India tries to promote its image as a development partner of Africa. Unlike previous colonial experiences that have created the image of foreign engagements in Africa as the ‘scramble for Africa’, India’s development assistance to the continent is seen in the light of South-South Cooperation.

By the beginning of the 21st century, India established itself as one of the main actors on the African economic scene. India enjoys well-deserved authority in the region and on world arena, as a whole. New Delhi plays an important role in solving pressing international and regional issues, possesses mighty economic potential and rich cultural heritage. The growing economic power, a balanced foreign policy, as well as traditional historical ties and excellent prospects for the future make India more and more attractive in the eyes of Africans. India and Africa share a lot in terms of history and culture. They have common development challenges and goals.

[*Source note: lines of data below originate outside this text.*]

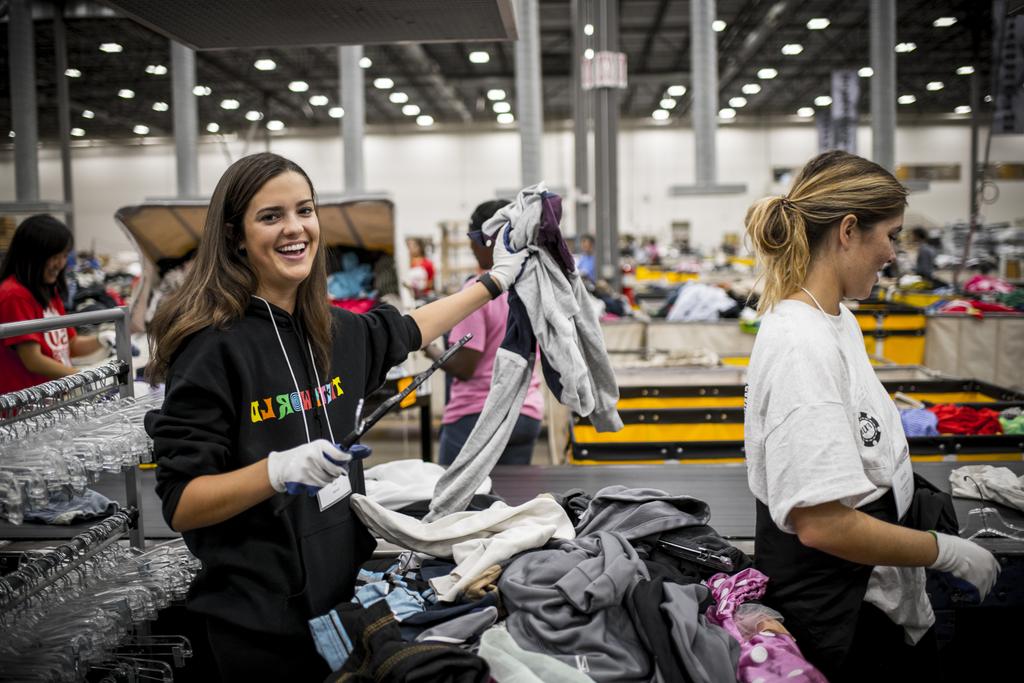 Students sorting clothes in warehouse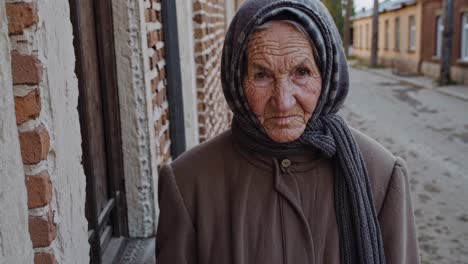 weathered face reflecting life experience, senior woman standing confidently in rural village street, wearing traditional headscarf and coat with profound dignity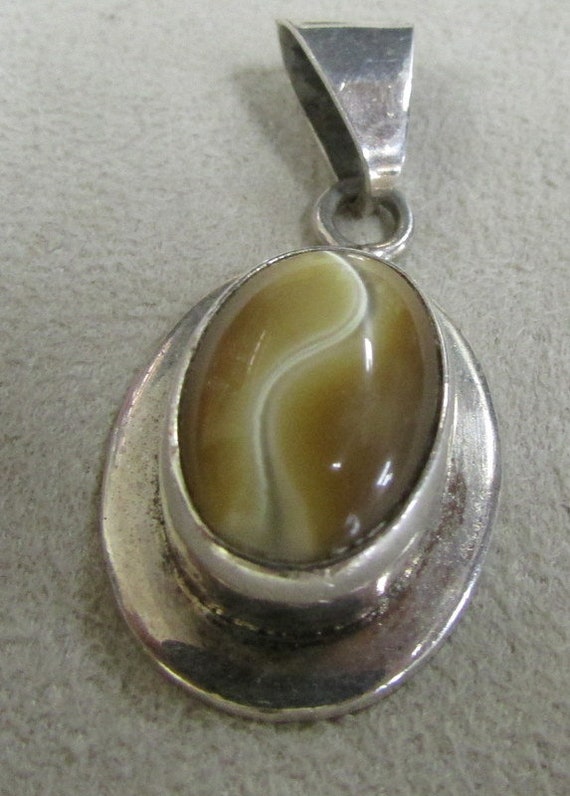 Sterling Silver and Unusual Gold Color Pendant +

The last two years also proved that India’s economy, though smaller today than that of China, may in certain respects prove to be more capable to adjust itself to negative impacts of global development trends. In 2015, out of all the BRICS countries, the Indian economic growth was the least affected by them. This factor unites India with some of the leading economic performers on the African continent – the so called African Lions. In 2015, according to preliminary estimates, India and six countries of the African continent were among the world’s top ten leaders by measure of the annual GNP growth rate.

India has officially declared promoting relations with Africa a priority goal. Assurances made by Indian officials in their statements during the 1st India Africa Summit back in 2008 have been substantiated from year to year by systematic practical activities. India has turned into a very important trading partner for Africa, its fourth largest after the EU, China and US. Although the scale of its trade is far behind that of the three biggest partners, it has grown rapidly during this time, though at a pace slightly slower than China’s.

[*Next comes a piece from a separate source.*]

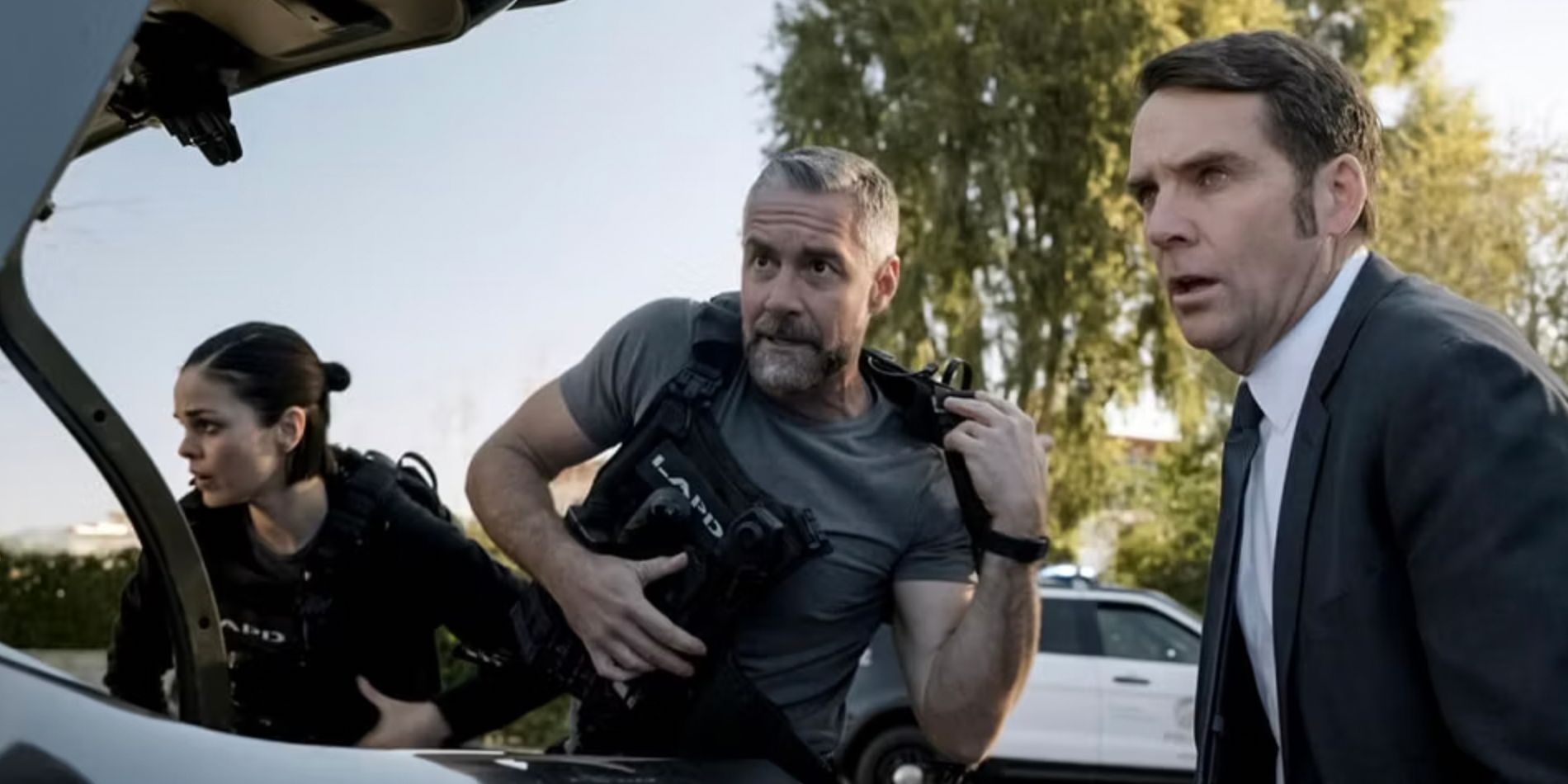 Chris e Deacon vestiram seus coletes ao lado de um homem de terno no episódio Stigma-1 da SWAT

India is currently a very important trading partner for Africa, its fourth largest after the EU, China and US. Although the volume of its trade is still far behind that of the three leading partners, the commerce has grown rapidly in the last ten years, at a pace only comparable with China. Thus, India is the second most important partner for Africa from among the BRICS countries.

In 2012–2013, trade turnover between India and African countries reached $70.25 billion. In 2015, the value of mutual trade was expected to reach $90–100 billion, but due to a steep slump of the world prices for oil and many other primary commodities (Indian chief imports from the continent) during the last quarter of the year, the figure will be lower. A few African countries - Nigeria, South Africa, Angola, Egypt, Algeria and Morocco - account for 89 percent of total African exports to India by value. They maintain a trade surplus with India that is largely driven by exports of oil, gas, ores and gold. In 2013, they had a total of $24.5 billion in trade surplus. According to the estimates of the Confederation of Indian Industries (CII), the latter was expected to reach $67 billion in 2015. The top six commodities, of oil 60 percent, gold 15 percent, phosphoric acid 3.8 percent, coal 3.5 percent, liquefied natural gas 2.7 percent and shelled cashew 2.6 percent, together constitute 87 percent of total imports from Africa.

India-Africa Summits

The India–Africa Forum Summits (IAFS) play an important role and provide the official platform for the African-Indian relation. IAFS will be held once in every three years. Heads of state and government of India and 14 countries of Africa chosen by the African Union met together from April 4-8, 2008 in New Delhi to discuss the problems and the future of Indo-African economic dialogue. The second forum was held in Addis Ababa in 2011. It was at the Summit in Ethiopia that the Indian side confirmed its earlier promises to introduce a system of duty free goods transport from 34 African countries and set up the Export Import Bank of India with a credit line of $30 billion to finance Indian exports to Africa. In addition, African countries were allocated $5 billion in loans and $700 million to support education and infrastructure programmes.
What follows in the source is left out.